On Wednesday, after more than two months of negotiations, the Spanish government gave the green light to the project. The Ministry for Ecological Transition and the Demographic Challenge, headed by Teresa Ribera, has assured in statements to Bloomberg that Morocco will be able to use the Spanish liquefied natural gas terminals. A version confirmed by Ministry sources to Europa Press. In this way, Spain has made a commitment to Morocco to guarantee supply.
Government approval is not enough. For the plans to go ahead, the Spanish network operator Enagas SA - in which the State has a 5% stake - will have to reach an interconnection agreement with Morocco.

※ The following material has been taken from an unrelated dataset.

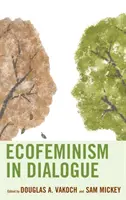 Ecofeminismo en diálogo - Ecofeminism in Dialogue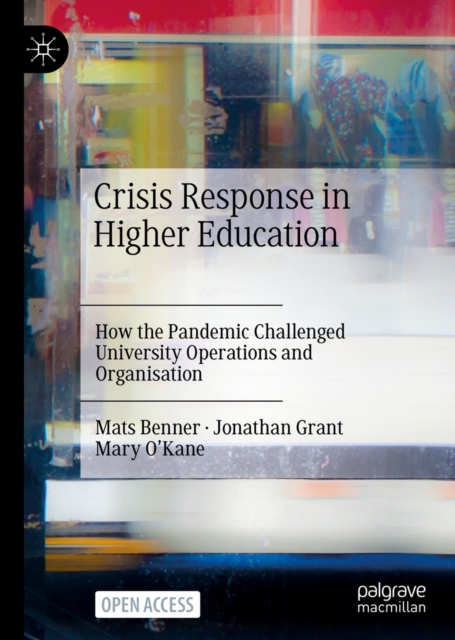 Crisis Response in Higher Education : How the Pandemic Challenged University Operations and Organisation, EPUB eBook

The government has also assured that the Alawi kingdom will be able to carry out the process "with total transparency", without turning its back on Algeria. These words suggest that the Algerian government of Abdelmadjid Tebboune is aware of the terms of the agreement. The agreement involves the reopening of the Maghreb-Europe gas pipeline, which has been unusable since the contract was terminated in November.
Algeria has not commented on the matter. Its reaction will be decisive, as the North African country is Spain's largest gas supplier and maintains the Medgaz underwater pipeline, connected to the Perdigal beach in Almeria, recently extended following the agreement between Naturgy and its Algerian ally Sonatrach. Through this route, 10 billion cubic metres of gas reach Spain every year.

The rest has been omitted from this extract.